Le résultat est que toute notre architecture fiscale est le produit de plusieurs strates qui se sont successivement accumulées dans le temps, donnant lieu à une sorte de nœud gordien qu’aucun gouvernement n’ose ne serait-ce que tenter de dénouer. Une complexité inefficace, qui paralyse autant le marché et l’esprit d’initiative que le pouvoir d’achat des citoyens. Il en résulte que la question du sens ou de la fonction de l’impôt, est étroitement liée à l’usage qui en est fait et au degré d’efficacité dont découle la crédibilité. Comme évoqué précédemment, sans une vision politique et économique claire, cohérente et réaliste, la perte de sens de l’impôt aura de beaux jours devant elle. Et vous aurez beau collecter tous les impôts possibles et imaginables, leur efficience en l’absence de stratégie et de vision demeurera très faible, voire même contre-productive. Mais de plus grands dangers peuvent découler de cette perte de sens et du manque d’efficacité budgétaire. Car parmi les fonctions fondamentales de l’impôt, figure la création d’un lien social solide et d’un sentiment d’appartenance fort à une communauté politique qu’on appelle «Nation».
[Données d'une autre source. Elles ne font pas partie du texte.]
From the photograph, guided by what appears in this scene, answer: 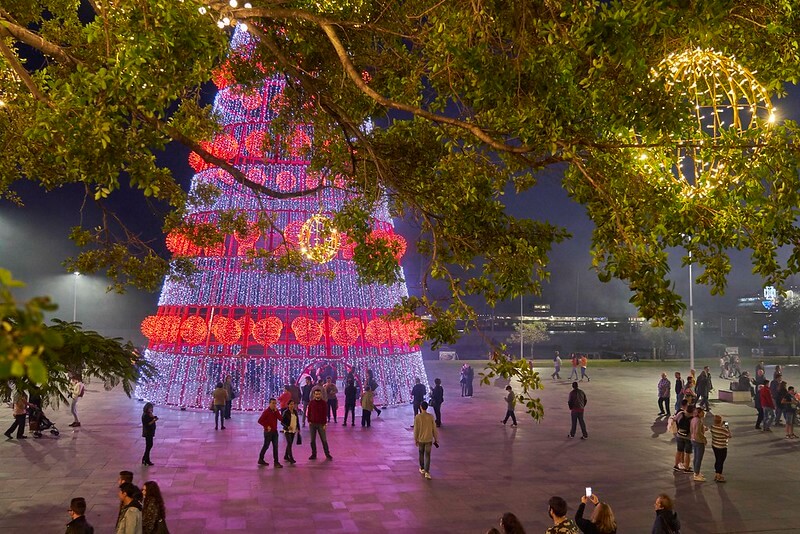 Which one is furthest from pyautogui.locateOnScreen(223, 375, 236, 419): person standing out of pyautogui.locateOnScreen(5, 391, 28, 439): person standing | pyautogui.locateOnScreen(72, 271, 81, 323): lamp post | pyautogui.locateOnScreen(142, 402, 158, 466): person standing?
pyautogui.locateOnScreen(72, 271, 81, 323): lamp post

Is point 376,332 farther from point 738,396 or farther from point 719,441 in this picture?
point 738,396

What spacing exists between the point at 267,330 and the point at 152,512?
50.8 feet

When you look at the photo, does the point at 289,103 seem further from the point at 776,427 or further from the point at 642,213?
the point at 776,427

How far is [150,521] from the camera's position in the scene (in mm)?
7789

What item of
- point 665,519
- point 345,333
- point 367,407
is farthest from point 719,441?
point 345,333

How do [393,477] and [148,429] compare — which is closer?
[393,477]

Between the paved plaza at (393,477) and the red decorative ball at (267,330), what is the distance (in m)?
2.61

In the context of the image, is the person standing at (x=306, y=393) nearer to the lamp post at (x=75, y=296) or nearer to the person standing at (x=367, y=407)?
the person standing at (x=367, y=407)

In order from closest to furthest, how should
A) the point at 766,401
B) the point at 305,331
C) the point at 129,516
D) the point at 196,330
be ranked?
1. the point at 129,516
2. the point at 766,401
3. the point at 305,331
4. the point at 196,330

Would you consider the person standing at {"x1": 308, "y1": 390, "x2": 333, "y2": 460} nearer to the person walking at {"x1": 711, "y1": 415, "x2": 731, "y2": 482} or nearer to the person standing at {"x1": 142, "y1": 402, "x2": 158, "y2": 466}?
the person standing at {"x1": 142, "y1": 402, "x2": 158, "y2": 466}

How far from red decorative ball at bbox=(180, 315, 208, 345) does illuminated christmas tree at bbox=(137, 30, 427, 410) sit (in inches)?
1.4

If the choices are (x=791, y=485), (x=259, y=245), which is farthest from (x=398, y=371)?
(x=791, y=485)

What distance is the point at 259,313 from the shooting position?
80.0 feet

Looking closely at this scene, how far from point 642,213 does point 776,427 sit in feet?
59.1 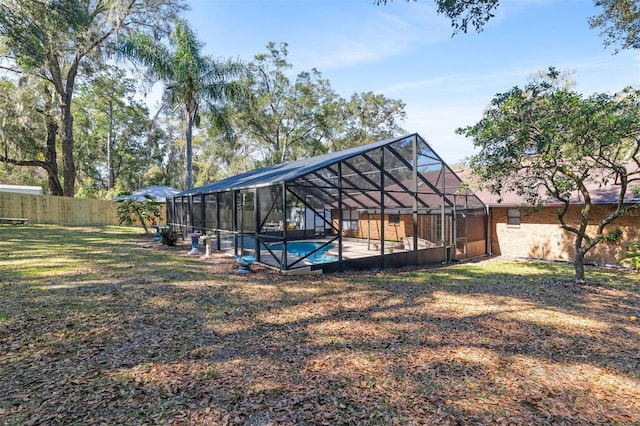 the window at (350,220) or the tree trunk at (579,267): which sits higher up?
the window at (350,220)

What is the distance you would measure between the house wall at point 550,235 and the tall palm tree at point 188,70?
15348 millimetres

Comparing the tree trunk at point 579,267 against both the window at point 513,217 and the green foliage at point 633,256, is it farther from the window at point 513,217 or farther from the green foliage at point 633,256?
the window at point 513,217

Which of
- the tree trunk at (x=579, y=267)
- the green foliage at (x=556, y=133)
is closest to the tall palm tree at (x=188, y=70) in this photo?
the green foliage at (x=556, y=133)

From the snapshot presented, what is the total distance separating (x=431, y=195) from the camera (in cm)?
1146

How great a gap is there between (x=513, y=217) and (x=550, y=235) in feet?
4.78

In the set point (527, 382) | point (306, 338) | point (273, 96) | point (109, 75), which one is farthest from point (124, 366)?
point (109, 75)

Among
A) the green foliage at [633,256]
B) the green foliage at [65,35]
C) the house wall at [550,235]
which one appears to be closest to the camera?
the green foliage at [65,35]

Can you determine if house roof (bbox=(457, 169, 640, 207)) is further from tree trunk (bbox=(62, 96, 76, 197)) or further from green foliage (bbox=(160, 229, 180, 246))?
tree trunk (bbox=(62, 96, 76, 197))

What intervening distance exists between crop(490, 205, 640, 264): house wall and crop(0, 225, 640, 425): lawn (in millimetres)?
5326

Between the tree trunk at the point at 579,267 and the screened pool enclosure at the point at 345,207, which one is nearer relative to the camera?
the tree trunk at the point at 579,267

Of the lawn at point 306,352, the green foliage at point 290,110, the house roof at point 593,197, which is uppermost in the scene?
the green foliage at point 290,110

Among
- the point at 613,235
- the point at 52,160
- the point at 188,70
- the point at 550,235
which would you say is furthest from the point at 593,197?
the point at 52,160

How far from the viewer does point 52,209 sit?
65.8ft

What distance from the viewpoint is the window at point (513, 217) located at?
1315 cm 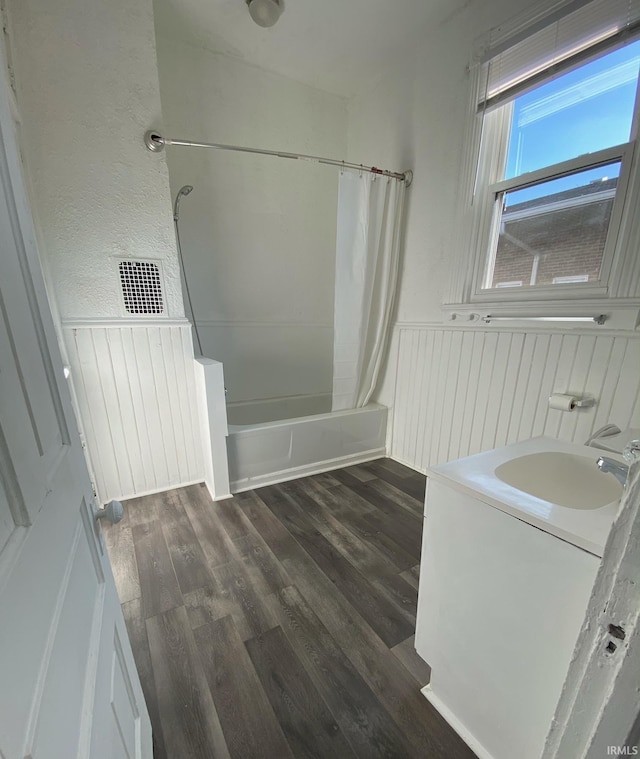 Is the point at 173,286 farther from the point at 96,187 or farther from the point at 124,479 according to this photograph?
the point at 124,479

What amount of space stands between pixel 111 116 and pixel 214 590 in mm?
2374

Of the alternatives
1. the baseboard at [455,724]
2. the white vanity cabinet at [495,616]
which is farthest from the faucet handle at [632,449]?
the baseboard at [455,724]

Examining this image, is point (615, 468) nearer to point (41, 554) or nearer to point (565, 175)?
point (41, 554)

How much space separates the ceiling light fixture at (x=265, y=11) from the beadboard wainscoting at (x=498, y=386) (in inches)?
78.7

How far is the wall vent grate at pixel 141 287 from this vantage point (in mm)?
1812

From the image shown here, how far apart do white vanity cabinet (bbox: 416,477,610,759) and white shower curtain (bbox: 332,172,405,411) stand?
1.62 meters

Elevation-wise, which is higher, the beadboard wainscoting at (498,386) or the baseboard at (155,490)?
the beadboard wainscoting at (498,386)

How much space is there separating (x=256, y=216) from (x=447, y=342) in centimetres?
191

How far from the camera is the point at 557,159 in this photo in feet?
4.99

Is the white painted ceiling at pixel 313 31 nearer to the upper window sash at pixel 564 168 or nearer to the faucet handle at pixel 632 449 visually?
the upper window sash at pixel 564 168

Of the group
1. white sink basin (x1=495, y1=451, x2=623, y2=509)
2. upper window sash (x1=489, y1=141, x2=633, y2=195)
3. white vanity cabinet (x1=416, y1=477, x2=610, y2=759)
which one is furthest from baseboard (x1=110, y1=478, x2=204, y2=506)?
upper window sash (x1=489, y1=141, x2=633, y2=195)

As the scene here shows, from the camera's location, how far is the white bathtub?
2.12 meters

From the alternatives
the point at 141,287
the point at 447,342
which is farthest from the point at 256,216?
the point at 447,342

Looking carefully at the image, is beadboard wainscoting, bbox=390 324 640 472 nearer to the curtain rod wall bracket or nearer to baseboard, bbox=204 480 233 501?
baseboard, bbox=204 480 233 501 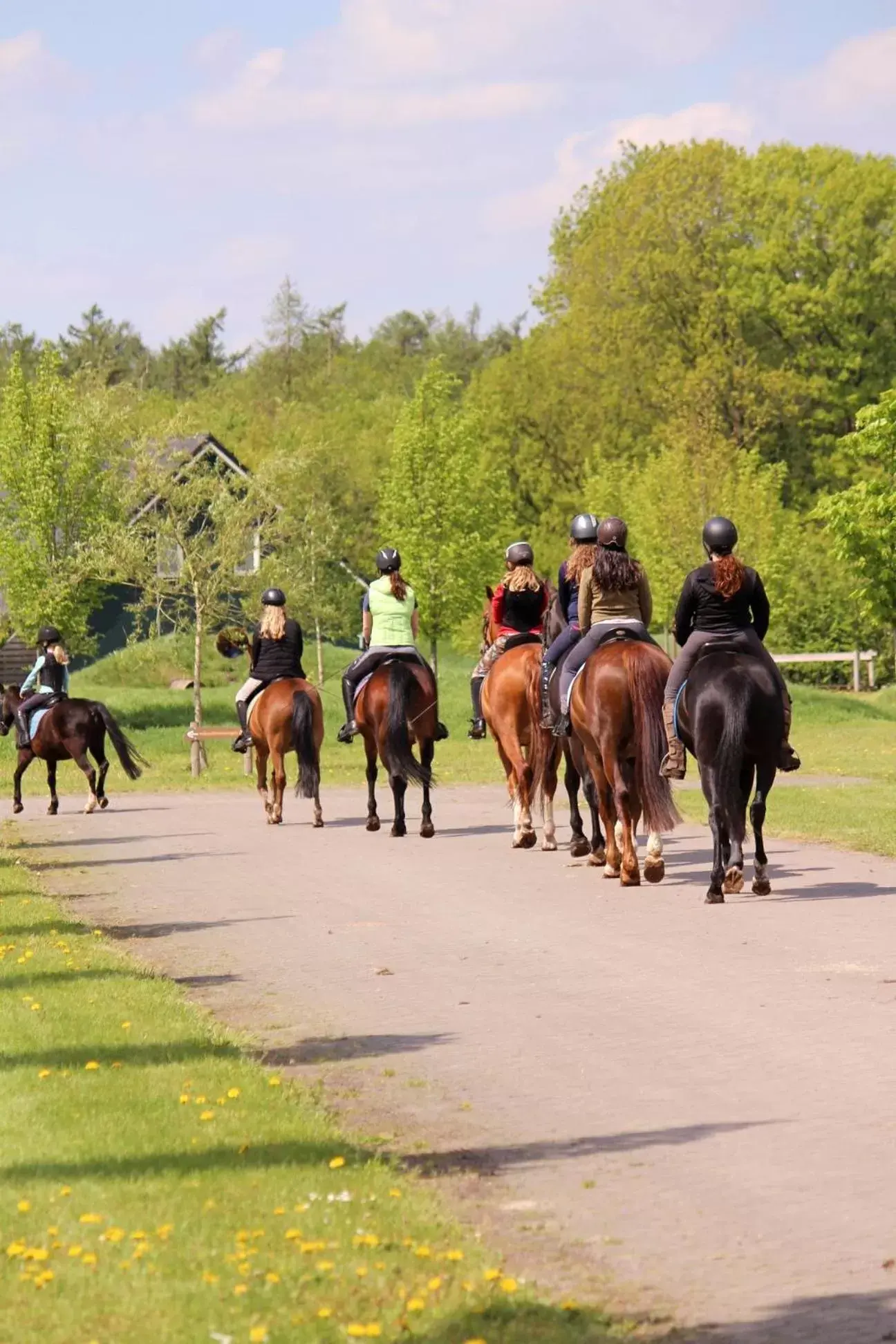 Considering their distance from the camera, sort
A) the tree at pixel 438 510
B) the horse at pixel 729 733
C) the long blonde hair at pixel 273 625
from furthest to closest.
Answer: the tree at pixel 438 510 < the long blonde hair at pixel 273 625 < the horse at pixel 729 733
De ce point de vue, l’opacité, le nonsens et la complexité stérile de notre système fiscal ont pour corolaire la fragilisation de ce sentiment de commun, au profit d’appartenance corporatiste, de classe ou d’intérêt particulier. En témoigne la cacophonie des représentants des différentes professions libérales au Maroc qui, face à l’instauration d’une retenue à la source de l’IR décidée dans le cadre du PLF 2023, ont décidé de négocier chacun de son côté avec le gouvernement, en cherchant à tirer la couverture de son côté, là où normalement ils auraient dû parler d’une voix commune. Enfin, la question du poids et de la soutenabilité de l'impôt, qui pour le coup relève d’une dimension technique, qui certes est pertinente, mais doit se situer en aval de tout le processus de réflexion évoqué depuis le début de cette chronique, et non «à la place» de ce dernier. Ainsi, chers représentants du peuple, avant de voter tel ou tel impôt, tâchez de garder à l’esprit que votre référentiel doit être celui de la légitimité, du sens et de la crédibilité, avant de vous poser la question : «combien cela va rapporter à l’Etat ?». Car je vous rappelle que vous avez été élu par le peuple, et non par le déficit budgétaire, le FMI ou la charge de la dette. Car, en tentant de réduire à tout prix et par tous les moyens le déficit budgétaire, vous risquez d’en aggraver un autre, celui de la confiance entre les citoyens et l’Etat. Le Marocain est par conséquent un citoyen et un contribuable comme un autre. Il payera avec joie tous les impôts qu’il faudra, dans la mesure où il les jugera légitimes, cohérents et efficaces.